▸ THE TASK: Omit any pictures, and restate word for word only the lines from the one with "View of Helsinki" through the end of the data below.

▸ RECORD EXCERPTS:
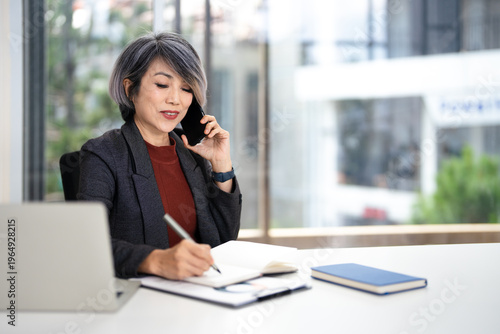 Mature happy joyful confident asian business lady, broker or manager, sitting at table in a modern office, working with laptop, talking to client or employees on smartphone, smiling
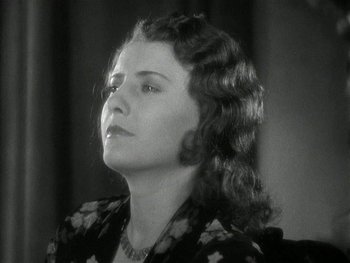 Movie still from “Ladies of Leisure” (1930), directed by Frank Capra – An old photo of a woman looking up at the sky; Close Up shot, Low angle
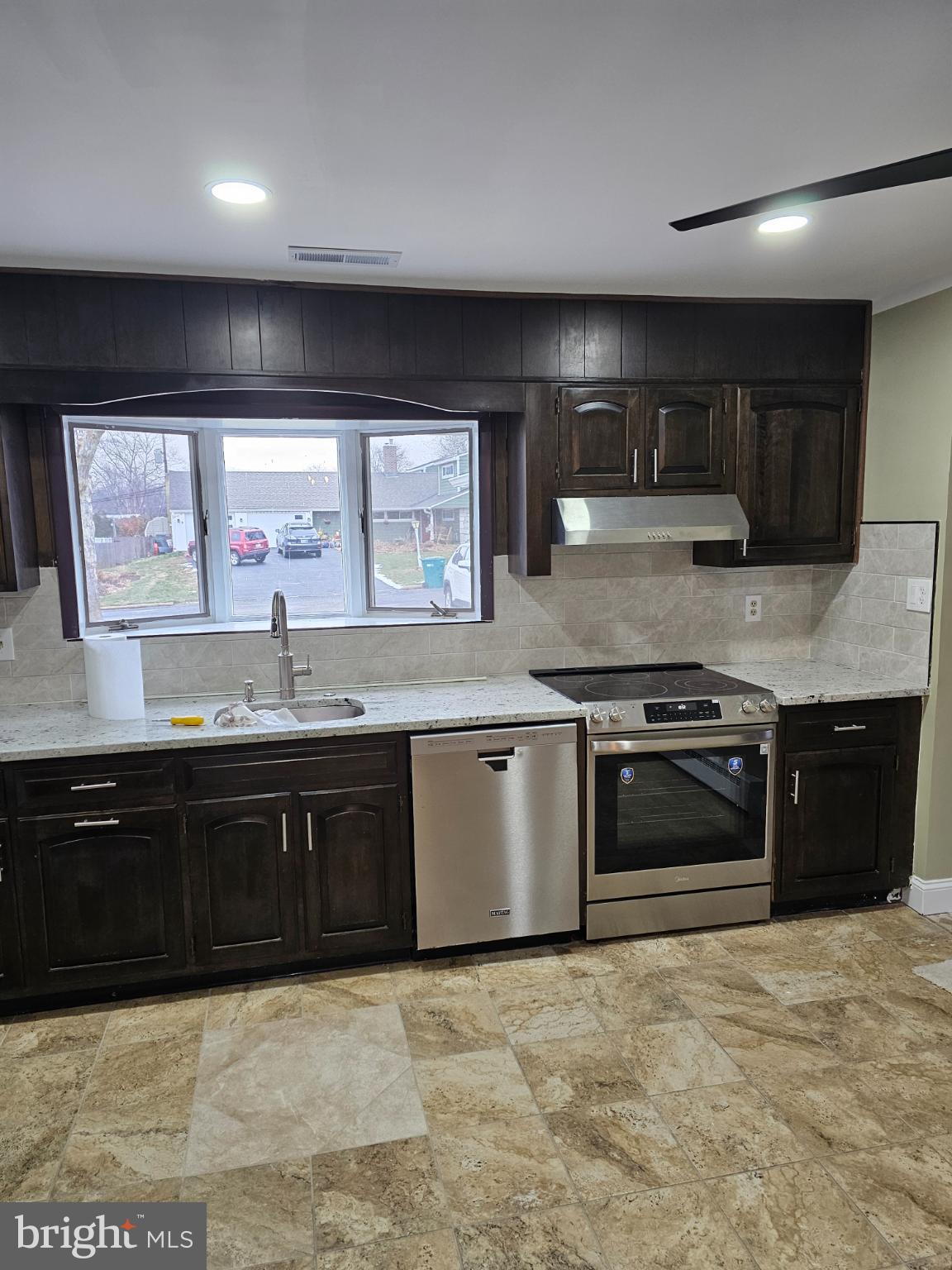 65 Silverspruce Road Levittown, PA 19056 - Photo 7 of 24 Modern fully equipped kitchen with new bay window.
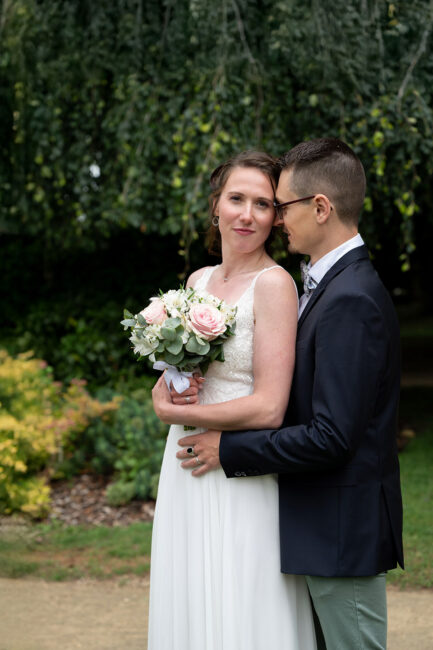 Portrait romantique des mariés enlacés dans un décor naturel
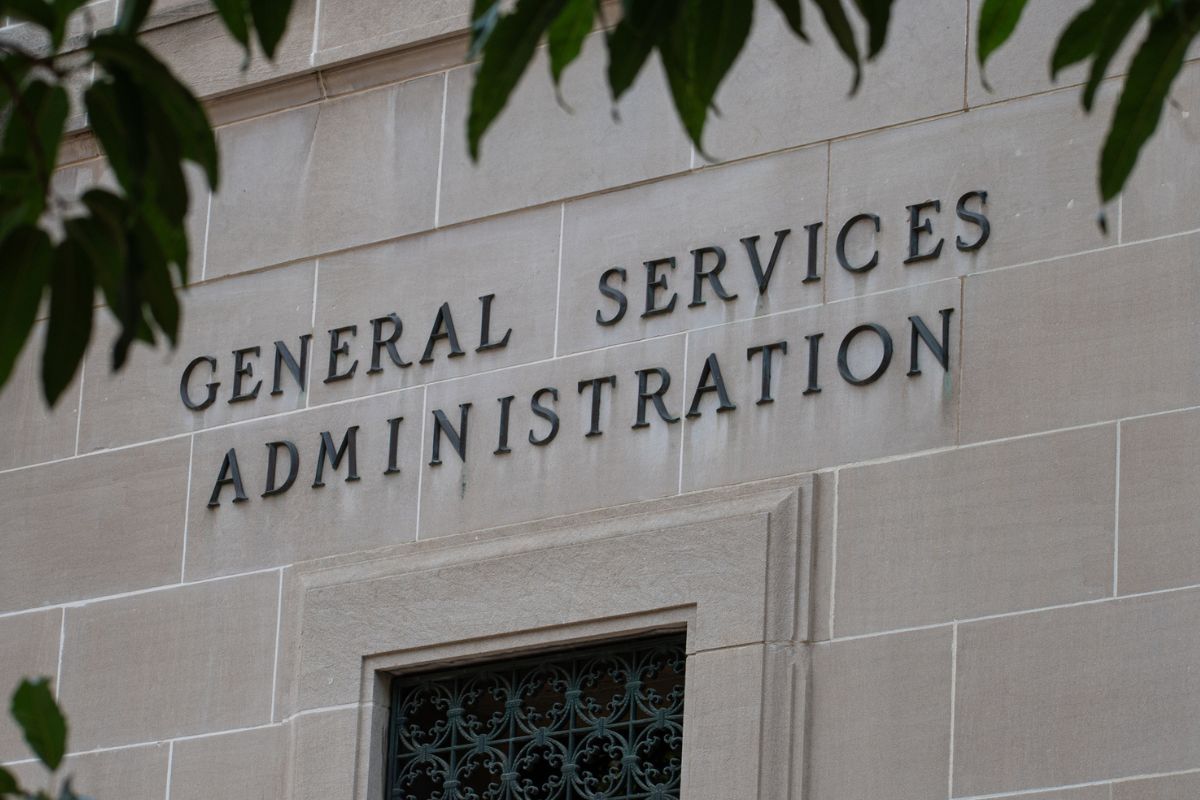 The words General Services Administration are displayed on the exterior wall of a stone building, partially framed by green leaves.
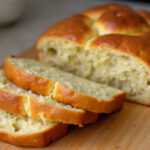 Freshly baked cabbage bread with savory cabbage filling, ready to eat.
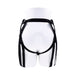 Black adjustable strap-on harness displayed on a white mannequin from the back.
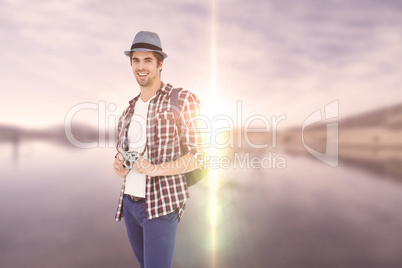 Composite image of portrait of happy man holding camera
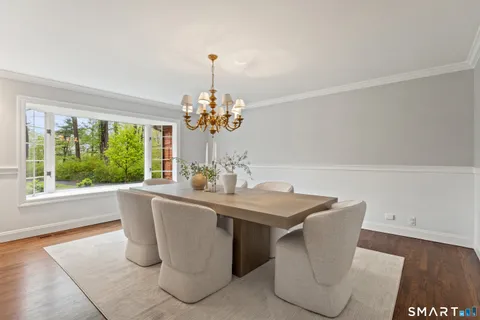 a dining room with furniture a window and a chandelier
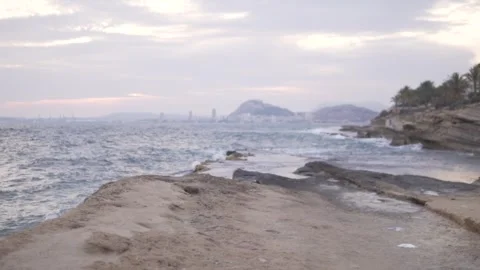 Cloudy evening in winter on the beach of Alicante, Cabo de Huertes area Stock Footage 265576179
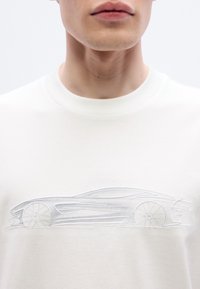 Λευκή φαρδιά μπλούζα με διακριτική, κεντημένη σιλουέτα αυτοκινήτου στο στήθος, που παρουσιάζει ομαλές γραμμές και μινιμαλιστικό σχεδιασμό.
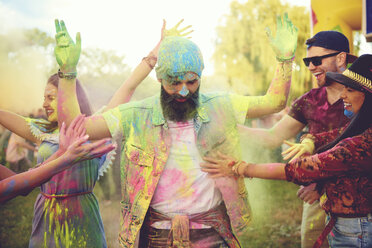 Young adult friends throwing coloured chalk powder and dancing at festival - ISF01772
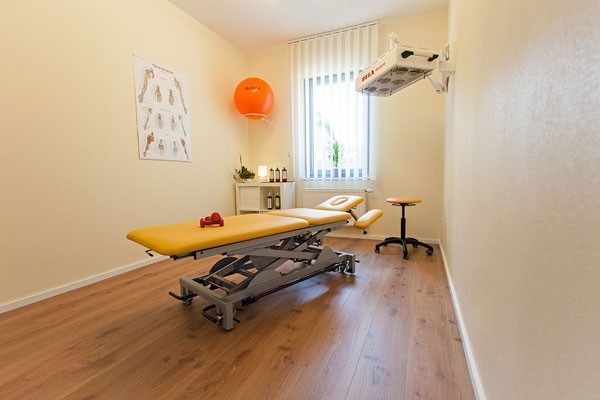 Physiotherapieraum mit gelber Behandlungsliege, orangefarbenem Gymnastikball und Fenster.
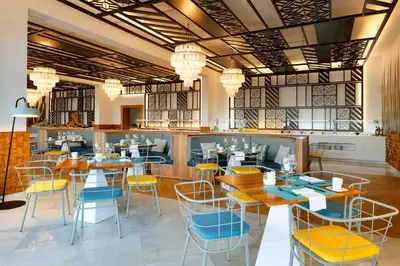 a restaurant with tables and chairs in a room at TRS Turquesa Hotel - Adults Only - All Inclusive in Punta Cana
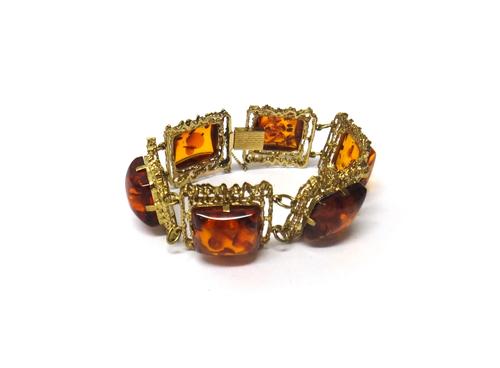 A reconstituted amber panel link bracelet, each shaped rectangular link decorated with a cast and pierced border, in an abstract design, on a snap cla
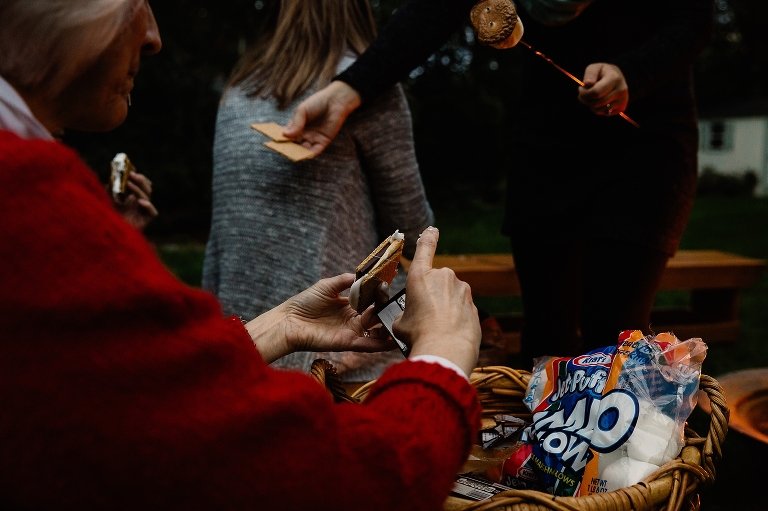 Family sits together eating smores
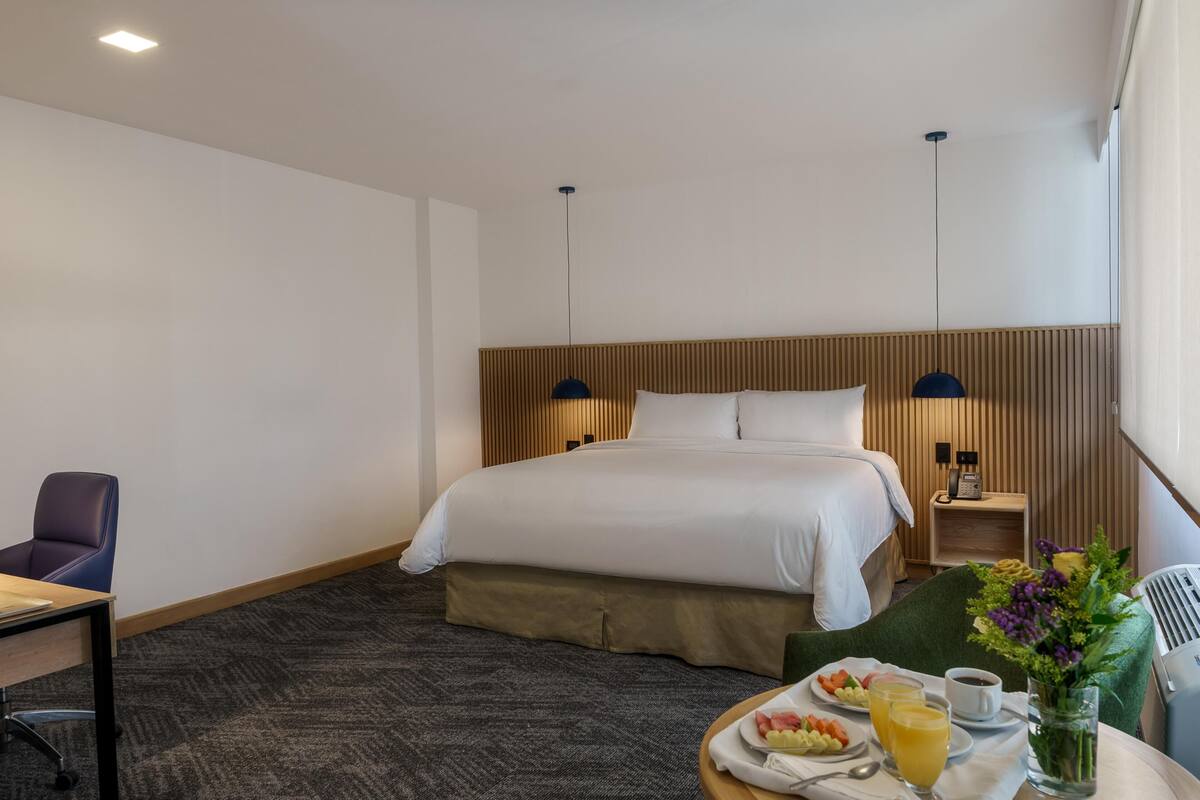Quarto de hotel com cama, mesas de cabeceira, escrivaninha, cadeira e bandeja de café da manhã com alimentos e bebidas.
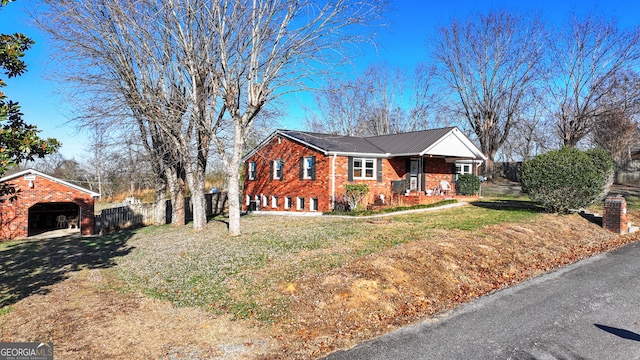 view of front of house featuring a front yard and a garage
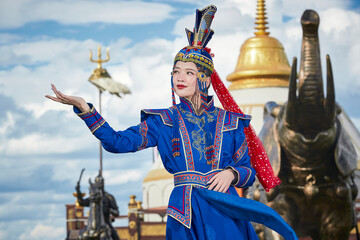 Mongolian girls dressed in luxurious Mongolian costumes on the Mongolian war chariots of the Jinyuan Grand Tent on the grassland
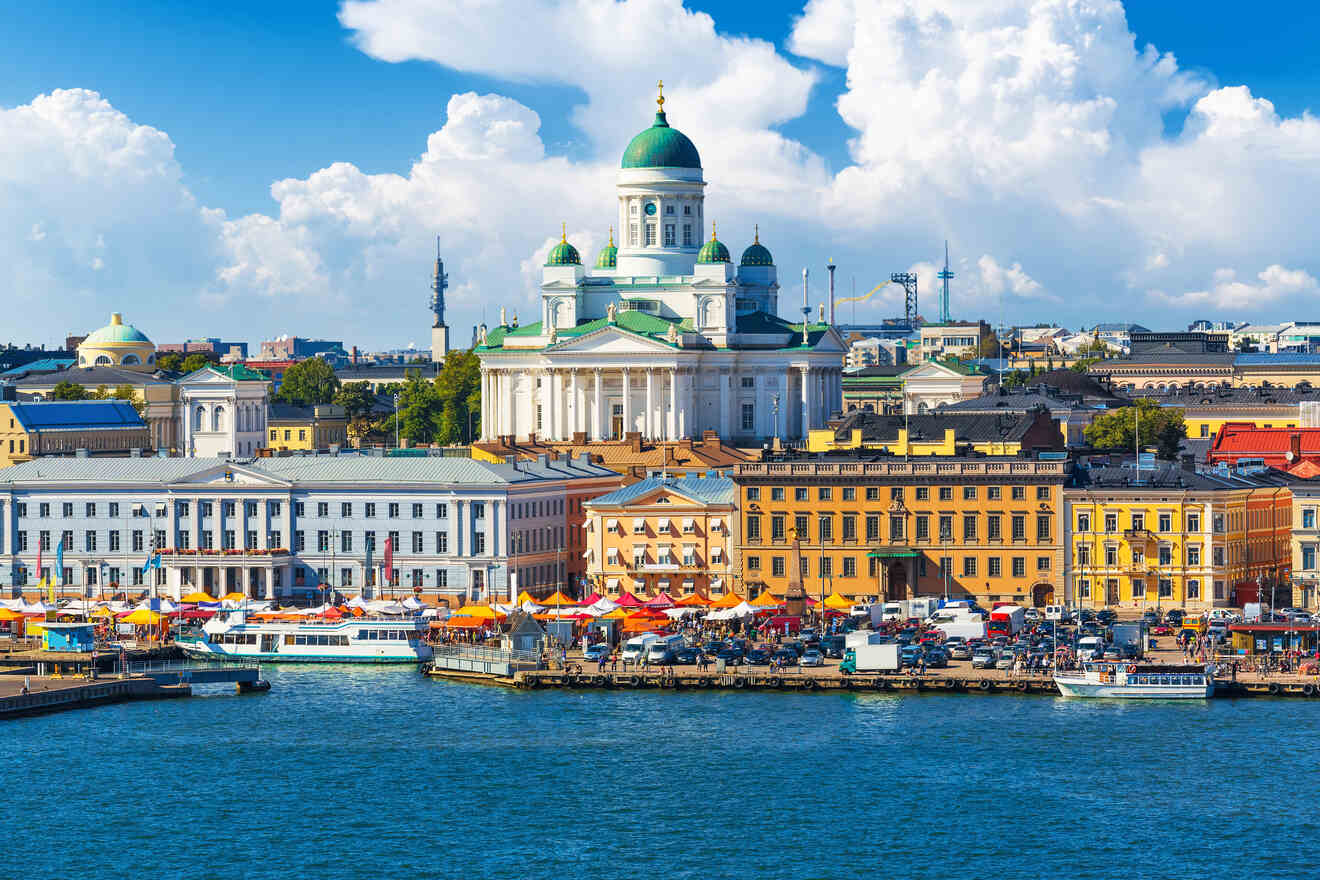 View of Helsinki skyline showcasing the Helsinki Cathedral, vibrant market stalls by the harbor, and boats docked along the pier on a sunny day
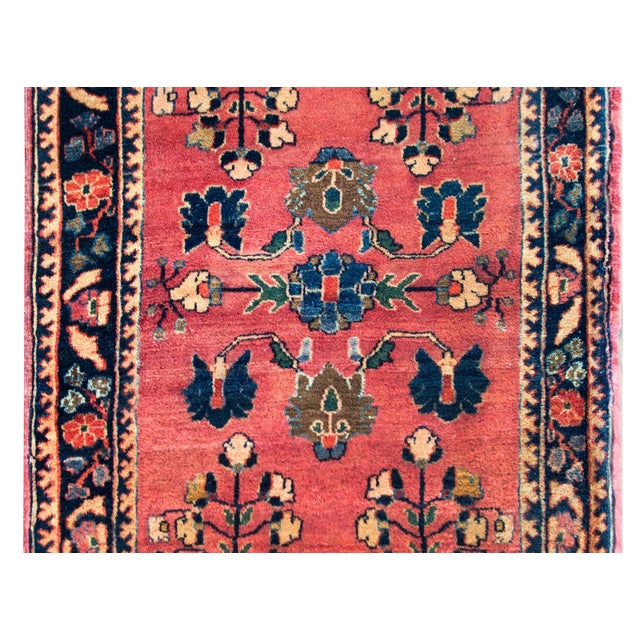 A sweet early 20th century Persian Sarouk rug with a simple but beautiful mirrored floral pattern woven in indigo, brown,...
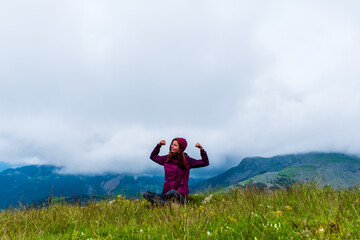 A wide angle shot of a young female hiker on a break during a hike on a cloudy summer day in the French Alps (Valberg, Alpes-Maritimes, France)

▸ OUTPUT OF THE EXERCISE:
 View of Helsinki skyline showcasing the Helsinki Cathedral, vibrant market stalls by the harbor, and boats docked along the pier on a sunny day
 A sweet early 20th century Persian Sarouk rug with a simple but beautiful mirrored floral pattern woven in indigo, brown,...
 A wide angle shot of a young female hiker on a break during a hike on a cloudy summer day in the French Alps (Valberg, Alpes-Maritimes, France)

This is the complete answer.